*DATASET*:
__________

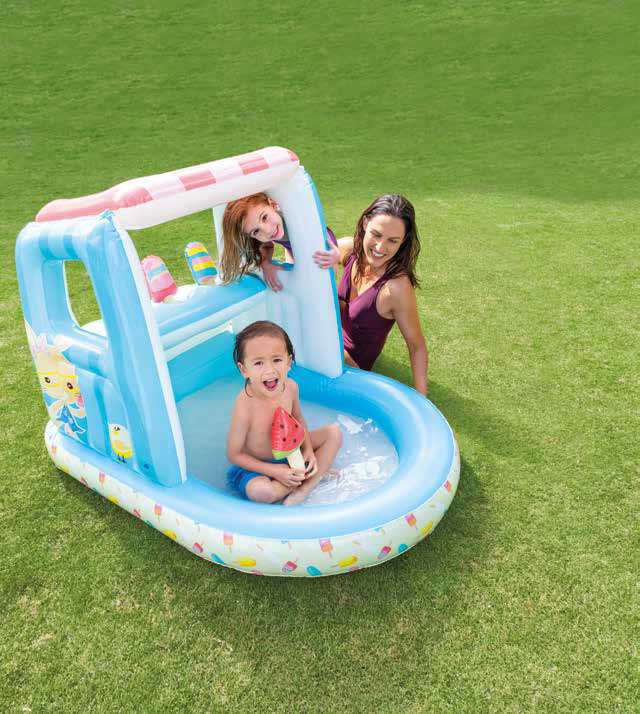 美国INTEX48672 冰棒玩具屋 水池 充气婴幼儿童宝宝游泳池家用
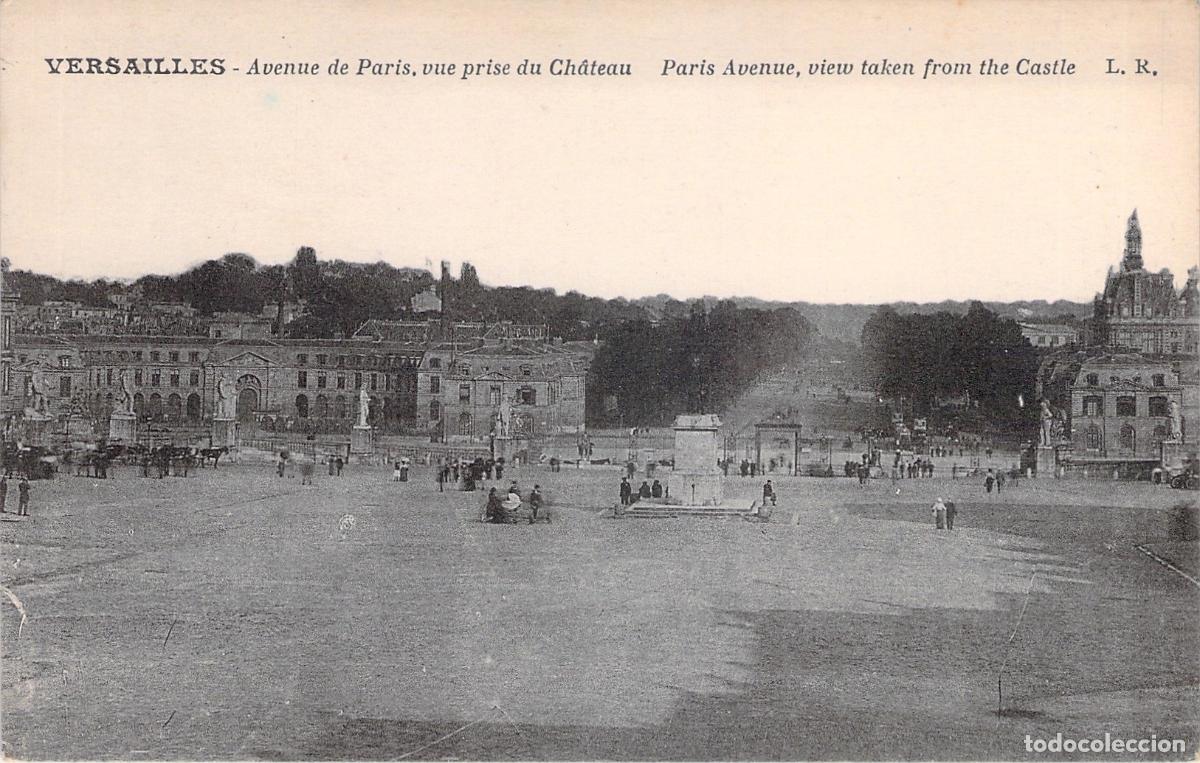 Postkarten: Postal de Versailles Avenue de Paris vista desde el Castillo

__________

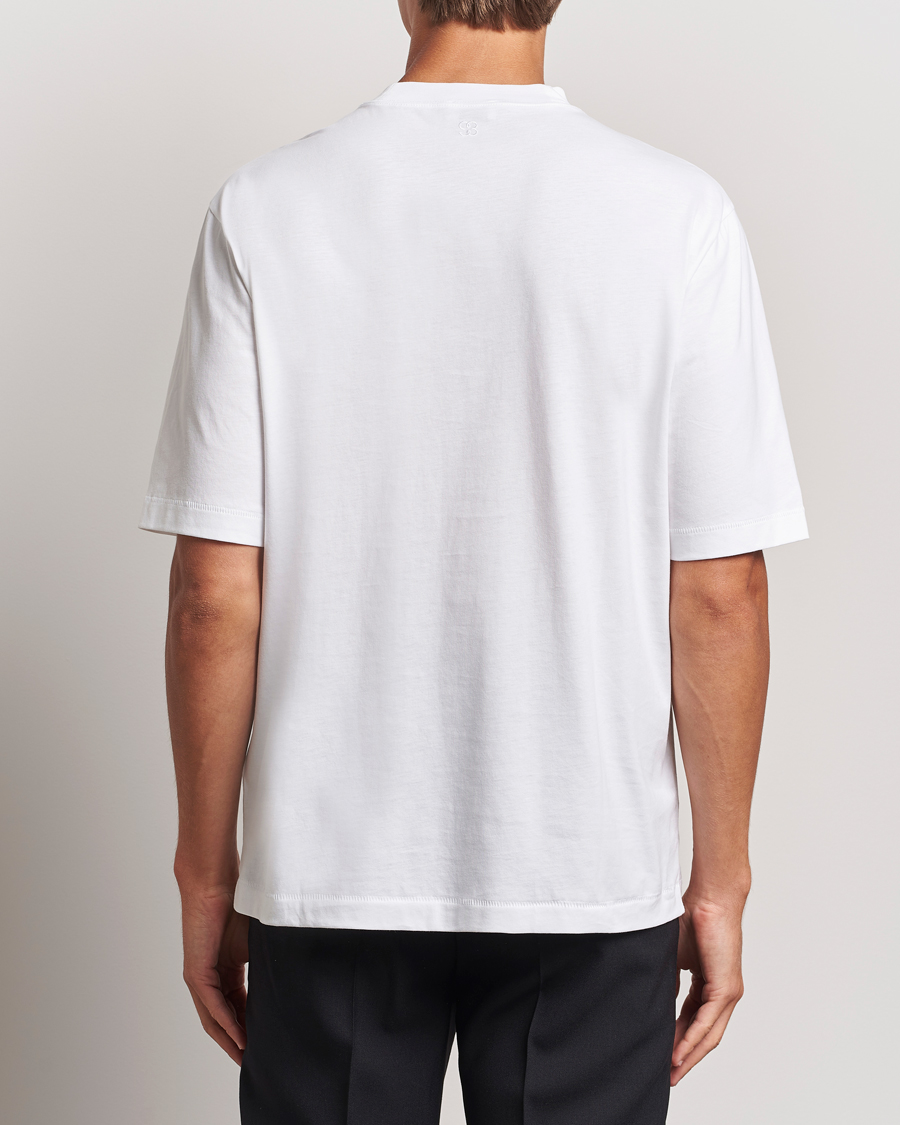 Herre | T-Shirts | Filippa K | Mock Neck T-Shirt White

__________

*TASK OBJECTIVE*: The lines to set down run from the line with "美国INTEX48672 冰棒玩具屋 水池 充气婴幼儿童宝宝游泳池家用" up to and including the line with "Postkarten: Postal de" in the entries above. Reproduce them exactly, with no pictures.

*SOLUTION TO THIS PROBLEM*:
 美国INTEX48672 冰棒玩具屋 水池 充气婴幼儿童宝宝游泳池家用
 Postkarten: Postal de Versailles Avenue de Paris vista desde el Castillo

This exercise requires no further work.